EXERCISE DIRECTIONS => Copy out the entries exactly, and wherever a picture appears, leave it out.

EXCERPTED RECORDS =>
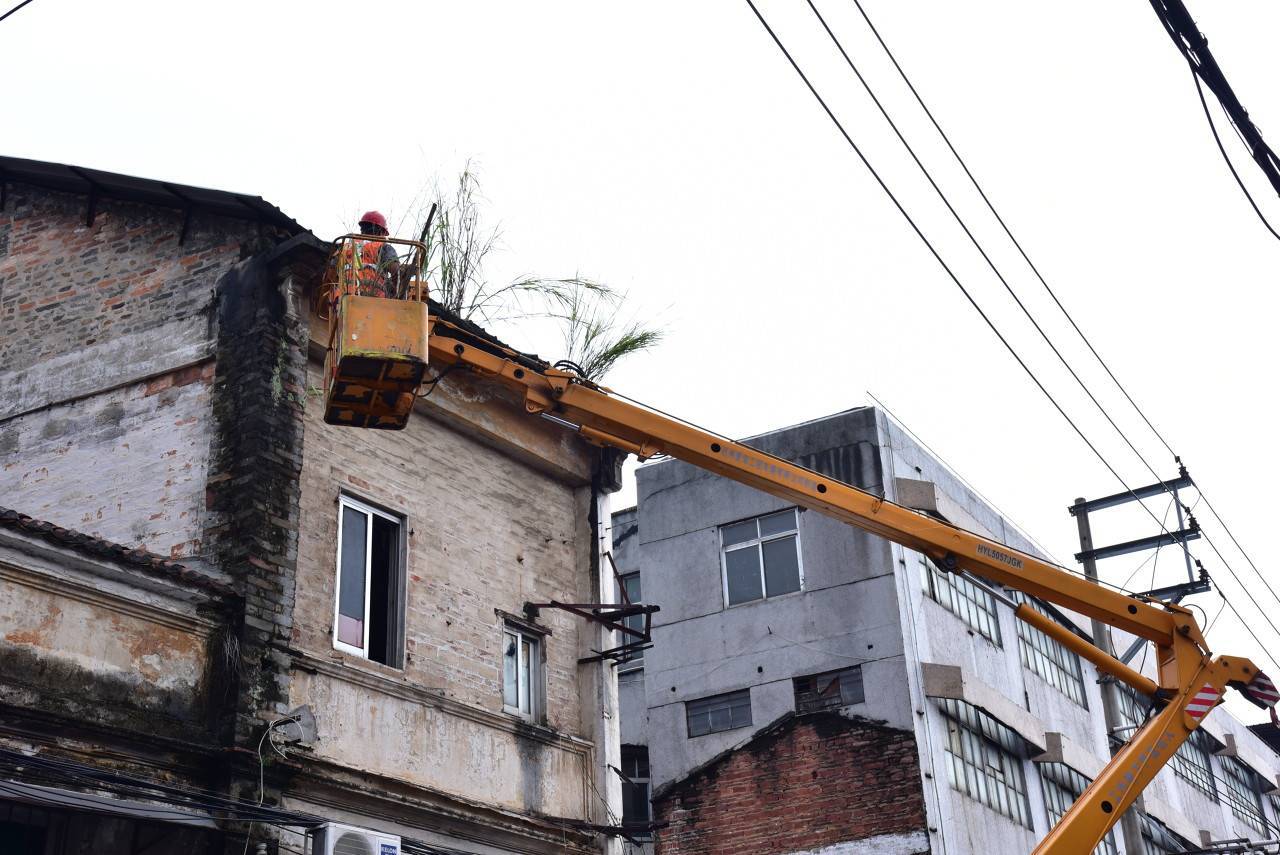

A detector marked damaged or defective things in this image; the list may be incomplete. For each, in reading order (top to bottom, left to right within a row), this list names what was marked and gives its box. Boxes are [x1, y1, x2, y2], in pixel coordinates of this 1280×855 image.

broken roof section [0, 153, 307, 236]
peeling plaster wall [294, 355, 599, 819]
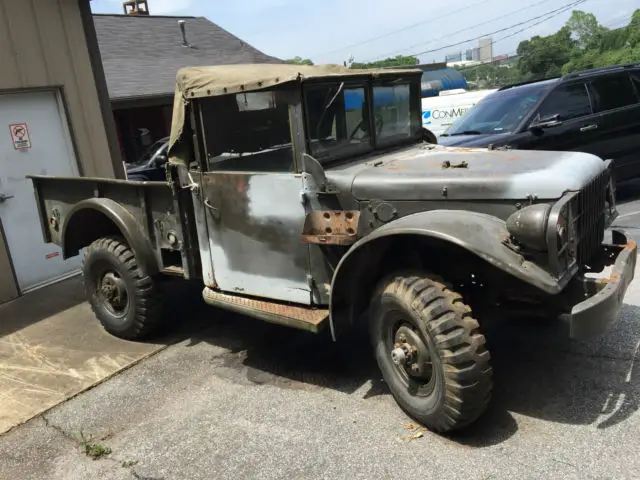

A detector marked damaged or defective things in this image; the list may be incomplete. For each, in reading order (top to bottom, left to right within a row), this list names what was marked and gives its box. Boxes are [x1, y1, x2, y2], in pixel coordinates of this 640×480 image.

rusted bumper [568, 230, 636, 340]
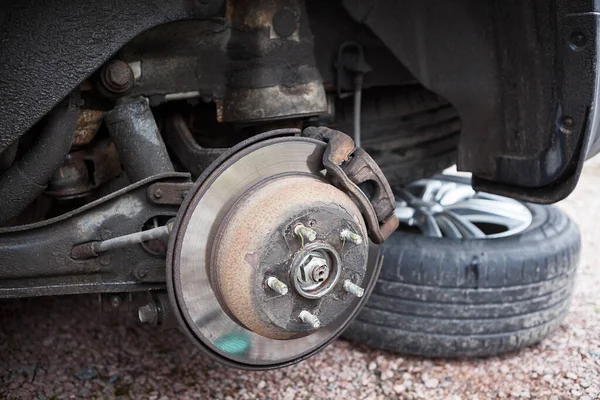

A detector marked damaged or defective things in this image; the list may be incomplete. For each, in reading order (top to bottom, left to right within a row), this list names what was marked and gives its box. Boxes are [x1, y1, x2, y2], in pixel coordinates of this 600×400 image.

WRITTEN ANSWER =>
A detector marked damaged or defective things in this image; the list may be incomplete. For each, in reading order (top to bottom, left to right within a row), this list names what was marked and gives its box. Boxes are [x1, y1, x2, y2], in pixel coordinates of this 1280×855 image.

broken roof section [0, 153, 307, 236]
peeling plaster wall [294, 355, 599, 819]

A detector marked damaged or defective things in this image; the list may be incomplete. For each, in reading order (top to bottom, left to right within a row), this list names what was marked and gives its box. Boxes are [x1, y1, x2, y2], in pixel coordinates of this 640×480 image.

rusted bumper [568, 230, 636, 340]

A detector marked damaged or defective things in this image; the list may be incomplete. For each, in reading order (top to bottom, left to right within a row), this list names what was marked and gives its box. Boxes are [x1, y1, x2, y2], in pixel coordinates of this 600×400 image.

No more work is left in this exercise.